** Data records follows **

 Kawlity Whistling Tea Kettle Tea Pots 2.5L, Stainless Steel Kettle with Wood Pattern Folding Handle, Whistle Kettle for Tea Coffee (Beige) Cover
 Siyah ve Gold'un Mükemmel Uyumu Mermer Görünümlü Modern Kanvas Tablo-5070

** End of Data records **
** Data records follows **

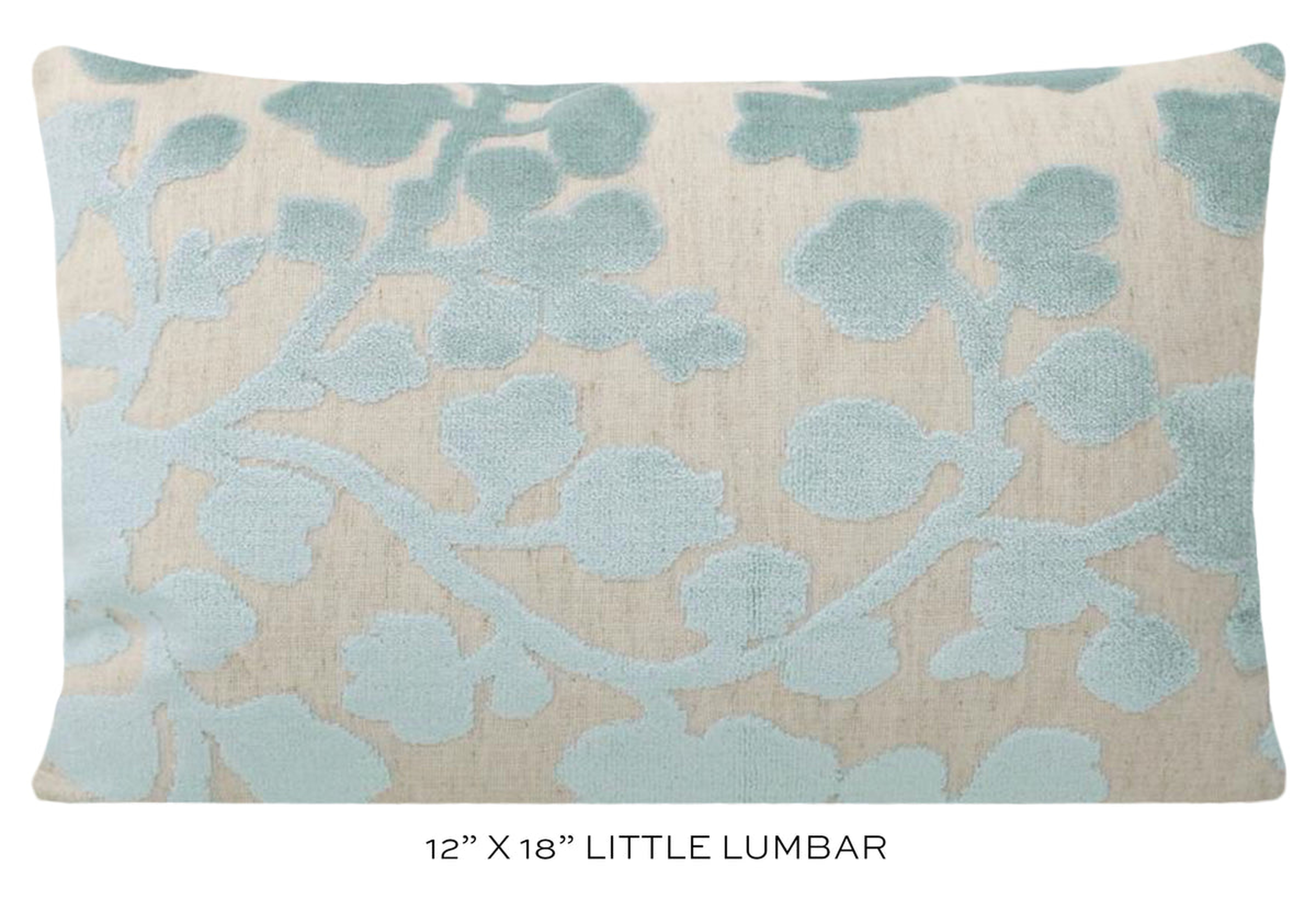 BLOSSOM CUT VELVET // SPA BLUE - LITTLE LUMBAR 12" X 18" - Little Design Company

** End of Data records **
** Data records follows **

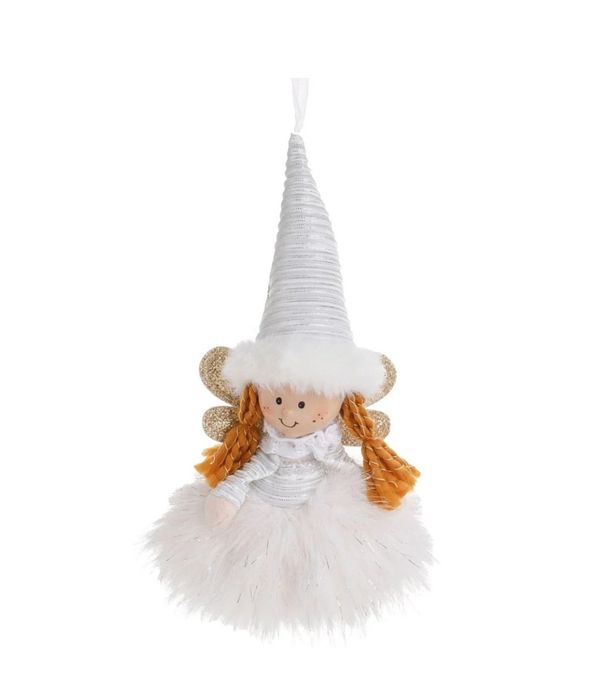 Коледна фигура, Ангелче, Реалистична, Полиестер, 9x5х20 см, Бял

** End of Data records **

Assigned task ▸
Both end lines included, restate word for word the lines above from the line with "Kawlity Whistling Tea" to the line with "Siyah ve Gold'un", and nothing else.

Answer box ▸
 Kawlity Whistling Tea Kettle Tea Pots 2.5L, Stainless Steel Kettle with Wood Pattern Folding Handle, Whistle Kettle for Tea Coffee (Beige) Cover
 Siyah ve Gold'un Mükemmel Uyumu Mermer Görünümlü Modern Kanvas Tablo-5070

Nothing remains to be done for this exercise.